» **What you are asked to do**: Output only the lines below from the one containing "Dragonfly Wave Abstrakt" to the one containing "14K/Silver Two Tone", exactly as written, both ends kept.

» **Extracted records**:
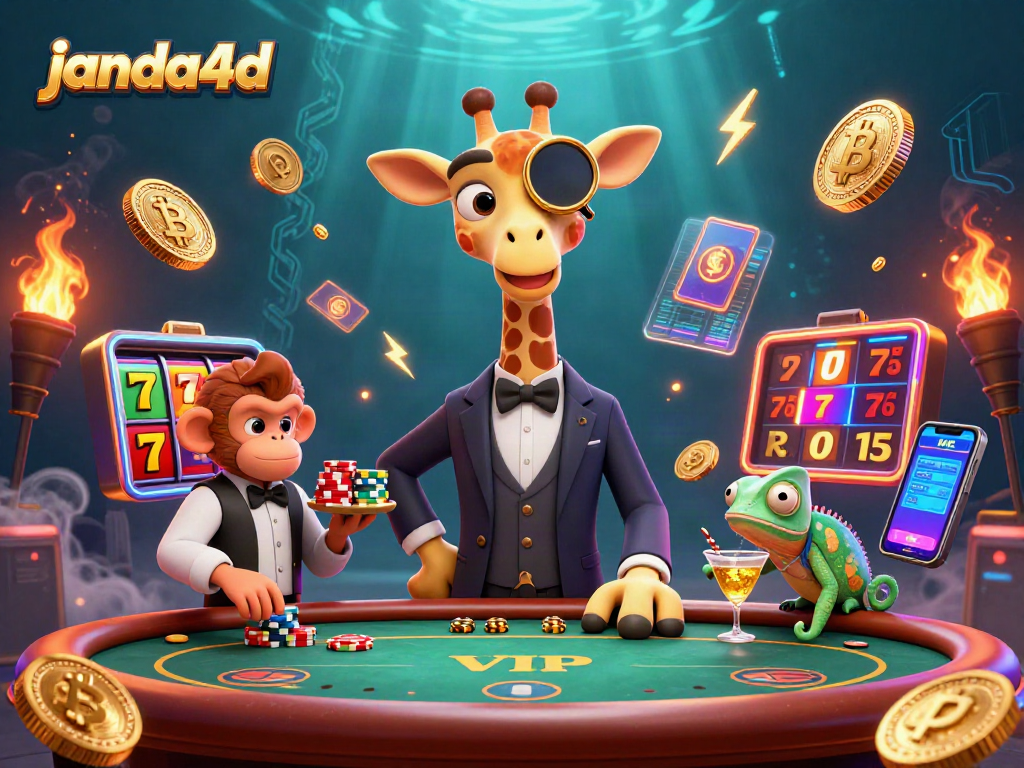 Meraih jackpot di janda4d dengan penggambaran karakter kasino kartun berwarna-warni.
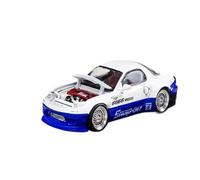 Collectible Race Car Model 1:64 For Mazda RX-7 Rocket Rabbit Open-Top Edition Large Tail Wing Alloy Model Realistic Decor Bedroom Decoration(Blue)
==
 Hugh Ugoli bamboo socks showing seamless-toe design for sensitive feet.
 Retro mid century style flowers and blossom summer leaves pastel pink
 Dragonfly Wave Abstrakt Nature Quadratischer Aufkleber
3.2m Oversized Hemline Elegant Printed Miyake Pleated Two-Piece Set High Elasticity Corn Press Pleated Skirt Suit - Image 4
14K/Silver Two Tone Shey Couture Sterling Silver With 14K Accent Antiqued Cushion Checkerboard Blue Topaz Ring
---
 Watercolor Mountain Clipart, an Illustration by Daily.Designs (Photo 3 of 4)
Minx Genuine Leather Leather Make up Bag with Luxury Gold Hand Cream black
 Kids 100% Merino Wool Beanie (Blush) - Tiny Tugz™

» **Solution to this exercise**:
 Dragonfly Wave Abstrakt Nature Quadratischer Aufkleber
3.2m Oversized Hemline Elegant Printed Miyake Pleated Two-Piece Set High Elasticity Corn Press Pleated Skirt Suit - Image 4
14K/Silver Two Tone Shey Couture Sterling Silver With 14K Accent Antiqued Cushion Checkerboard Blue Topaz Ring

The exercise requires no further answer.